Mit einem Musikvortrag fand dann der eigentliche Einweihungsakt sein Ende: es schloss sich dann ein Rundgang durch das Gebäude und nachher noch ein kleines Zusammensein im Parkhaus in Eickel an, bei dem u. a. Stadtv. Westhoff für die erschienenen Gäste die Hoffnung aussprach, dass die Zweige des unter so sorgfältiger Geschäftsleitung stehenden Baumes der Elektrizitätsversorgung Wanne=Eickel sich weiter ausdehnen möchten. Direktor Böckling dankte für diese guten Wünsche und hoffte, dass das bislang der Elektrizitätsversorgung erwiesene Wohlwollen auch weiterhin ihr erhalten bleiben möge.

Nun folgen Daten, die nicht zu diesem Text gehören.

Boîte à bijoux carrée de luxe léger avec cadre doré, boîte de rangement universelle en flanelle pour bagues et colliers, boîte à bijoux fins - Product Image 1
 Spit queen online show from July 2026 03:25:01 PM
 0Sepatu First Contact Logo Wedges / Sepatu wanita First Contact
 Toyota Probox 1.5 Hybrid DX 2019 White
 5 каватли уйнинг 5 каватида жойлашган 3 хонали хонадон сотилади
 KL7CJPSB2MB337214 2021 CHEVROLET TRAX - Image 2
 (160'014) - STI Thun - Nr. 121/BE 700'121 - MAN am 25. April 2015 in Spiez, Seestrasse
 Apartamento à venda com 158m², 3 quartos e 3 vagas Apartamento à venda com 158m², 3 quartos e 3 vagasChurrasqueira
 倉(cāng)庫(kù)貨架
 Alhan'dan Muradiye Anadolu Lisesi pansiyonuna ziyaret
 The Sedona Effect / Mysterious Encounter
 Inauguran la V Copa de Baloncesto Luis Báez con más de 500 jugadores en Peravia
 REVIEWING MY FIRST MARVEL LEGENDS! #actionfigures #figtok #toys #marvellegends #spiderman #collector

Bei diesem Zusammensein wurden auch noch im Hinblick auf die derzeitige Feuerschutzwoche einige Filmstreifen vorgeführt, die recht eindeutig auf die groß Feuersgefahr geflickter Sicherungen und falsch behandelter Bügeleisen etc. hinwiesen. Gleichzeitig gab damit die Elektrizitätsversorgung ein Bild davon, wie sie sich die praktische Werbe= und Aufklärungsarbeit über die Anwendung der Elektrizität und die spätere Ausnutzung des Vortragsraumes im neuen Gebäude denkt. Im Übrigen zeigte das Zusammensein im Parkhause, an dem auch ein Teil der Angestellten und Arbeiter der Elektrizitätsversorgung teilnahmen, das gute Verhältnis, das in diesem Betriebe zwischen der Leitung und den Arbeitnehmern herrscht, was nicht zuletzt auch zur Steigerung der Leistungsfähigkeit beitragen dürfte, zumal jetzt, was besonders von den Arbeitnehmern des Werkes anerkannt wird, die neuen Räume ein wesentlich besseres Arbeiten als die unzulänglichen früheren Räume erlauben.
Im Hof der alten Unterkunft "auf der Wenge".

Der Rundgang

durch die neuen Räumlichkeiten zeigte, dass bei diesem Bau das Bestreben geltend gewesen ist, zweckmäßig und einfach, aber doch gut zu bauen. Demgemäß kann auch die gesamte Anlage ansprechen, sowohl der Grundriss und die Aufteilung, als auch die Ausführung der einzelnen Räume und Anlagen. Ein genaues Bild über die Gesamtanlagen haben wir bereits früher gegeben, sodass wir uns das heute sparen können. Was wir damals zum Teil erst im Rohbau sahen, hat sich inzwischen, nachdem alles vollkommen fertiggestellt ist, als wirklich gelungen erwiesen. Welcher gewaltige Unterschied zwischen der früheren Unterbringung in der ehemaligen Kriegsküche in Eickel und der heutigen Unterkunft an der Hindenburgstraße besteht, gebt wohl am besten aus den hier wiedergegebenen Bildern der früheren und der jetzigen Anlagen hervor. Damals enge, unzulängliche, nur mangelhaft mit Tageslicht versehene Räume, heute geräumige, gut beleuchtete und ansprechende Büros und Werkstätten, die die Arbeitsfreudigkeit steigern und die nach praktischen Gesichtspunkten den Erfordernissen des Betriebes entsprechend angelegt sind und die daher den gesamten inneren und äußeren Verkehr sich reibungslos abwickeln lassen, wobei noch besonders bedeutungsvoll ist, daß der Neubau die Möglichkeit zur Unterbringung einer größeren Reihe von Werksangehörigen erlaubt hat, die nun im Falle von Störungen etc. jederzeit zur Stelle sind, was natürlich den Stromabnehmern zugute kommt, indem Störungen in Zukunft recht bald behoben sein werden. Nachdem nunmehr unsere Elektrizitätsversorgung eine ihre würdige Unterkunft gefunden hat, kann sie sich mit ganzer Kraft für ihre vielen Aufgaben im Interesse einer guten Stromversorgung unserer Stadt einsetzen.